The largest single group is people aged 80 to 89, of whom 1,300 are currently receiving hospital treatment after contracting Covid-19.
In addition, 86 per cent of those who have died in French hospitals in the last month are people aged 70 or over, with only seven victims aged under 40.
As in Spain, France’s overall death toll has crept up from the very low levels of the summer – with an average of 46 hospital deaths per day in the last week.
But the figures are still far below the levels in early April, when hundreds of people were dying every day.
French authorities say they are better prepared than in the spring, with mass testing now being carried out.
France’s ICU capacity has risen from around 5,000 to 10,000 since the start of the pandemic, French media says.

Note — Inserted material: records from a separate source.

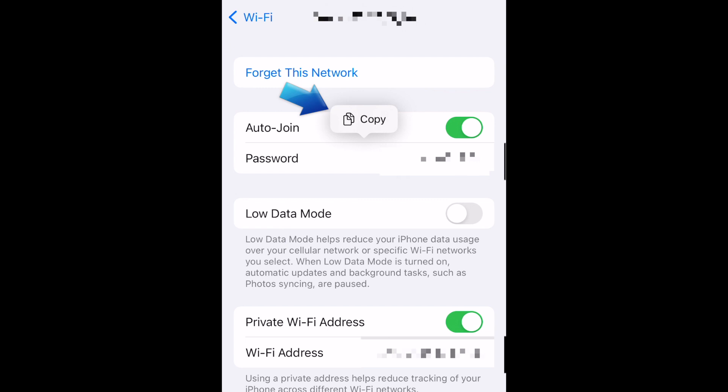If you want to share your password with someone else, you can then easily copy it and paste it into a message in the app of your choice. That's all it takes to view and share your Wi-Fi password on iPhone.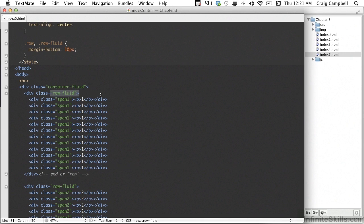When you nest columns using a fluid grid, it behaves a little bit differently than when we use the default grid. Remember, if we place a column in the default grid with a span-9 class, any columns nested inside need to add up to 9. With the fluid grid it's different — no matter how wide that column is, no matter what the span number is, the nested columns inside it still add up to 12.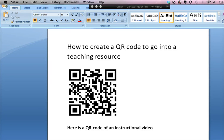I'm Dave Ford. In this screencast, I'm going to show how easy it is to create a QR code and put it into a teaching resource, for example, a Word document.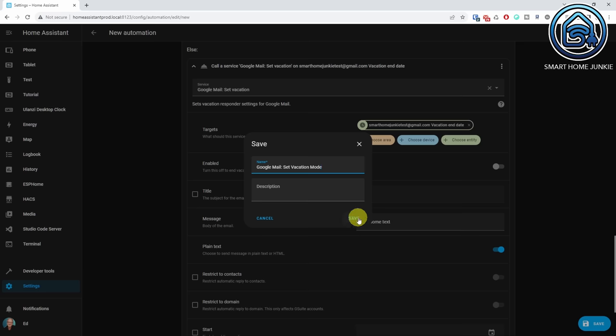Your automation is now ready. So, this is how you can integrate Gmail into Home Assistant. I hope this helped — let me know in the comments if you would use this or not.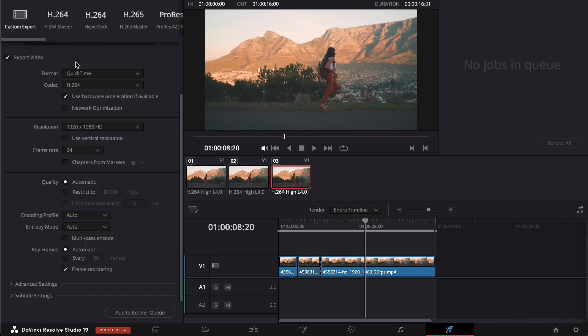So there you go guys, that is how you change your project location in DaVinci Resolve. If this video was helpful, please hit the like button, and don't forget to subscribe.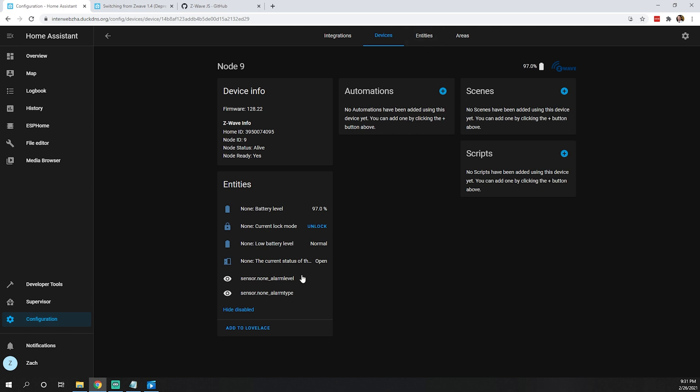If not, I have a feeling that removing the lock using whatever programming code your lock provider gave you and re-adding it will most likely correct this issue. Most Z-Wave items aren't this difficult. I'm showing a lock because they tend to be more difficult, especially since they're a secure piece of equipment requiring that security key.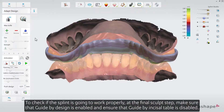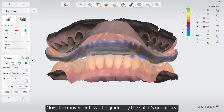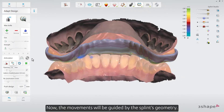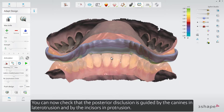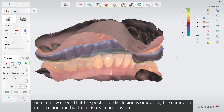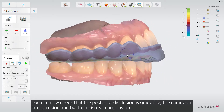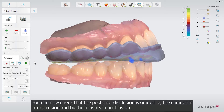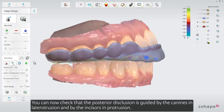To check if the splint is going to work properly, at the final Sculpt step, make sure that Guide by Design is enabled and ensure that Guide by Incisal Table is disabled. Now the movements will be guided by the splint's geometry. You can now check that the posterior disclusion is guided by the canines in lateral intrusion and by the incisors in protrusion.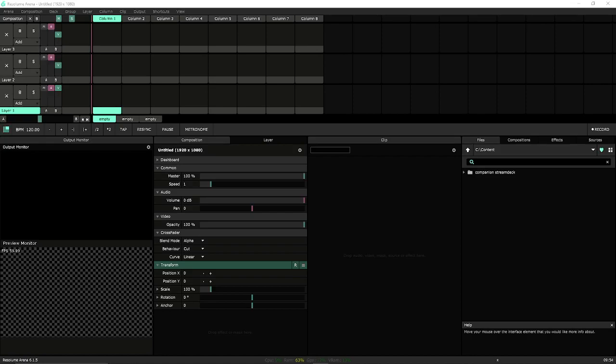Alright, Rock the House Resolume Training 101. We're going to dive into creating a composition for an LED wall that is stage left and stage right as well as a DJ facade.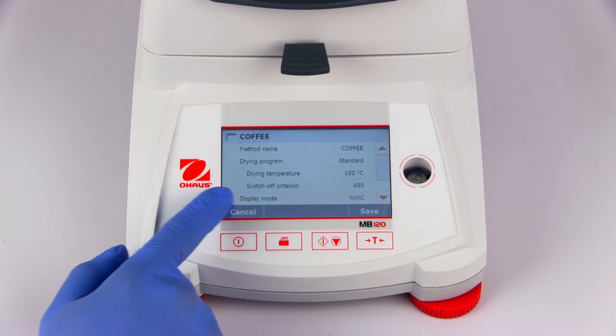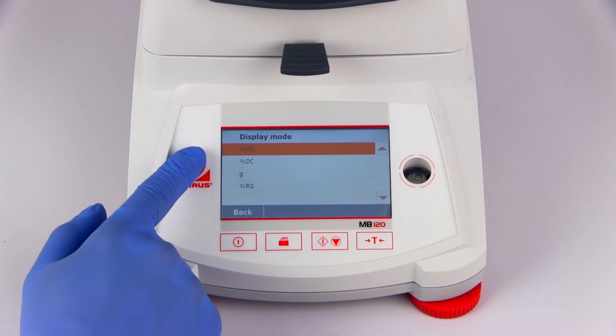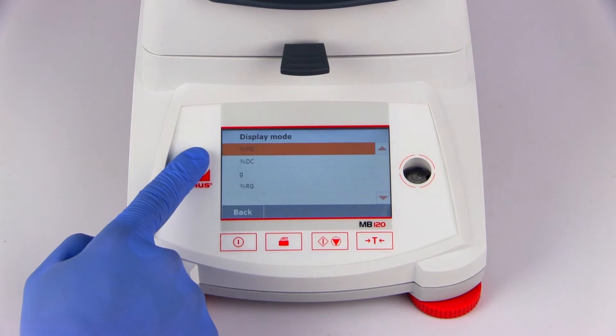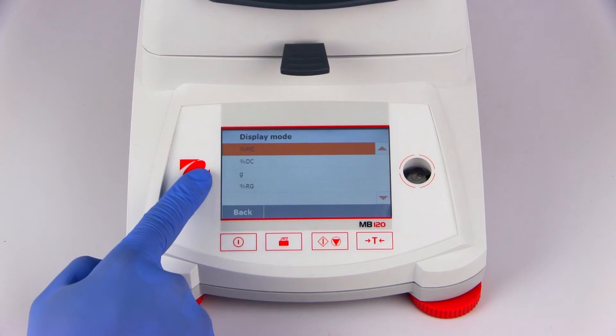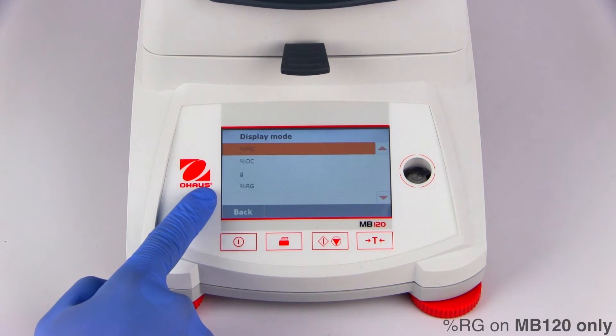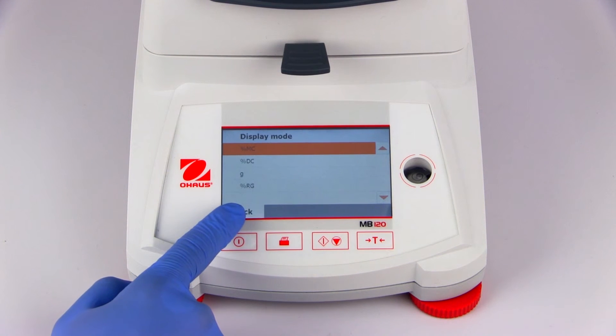Next, a display mode may be selected. Most measurements will use the percent moisture content unit of measure. However, percentage dry content, weight in grams, or percentage regain units are also available.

Still, the country’s scientific council warned last week that the government may have to take multiple unpopular decisions within days to counter the outbreak.
Council head Jean-Francois Delfraissy told reporters that current infection rates were ‘worrying’.
The fact that new cases had not yet swamped the health system might have created ‘a false sense of security’, Delfraissy said.
There was the danger of a ‘very rapid, exponential rise’ in some places, he said, singling out the French Riviera and Provence region.
The government may have to take ‘a certain number of tough decisions’ he said, probably within 10 days.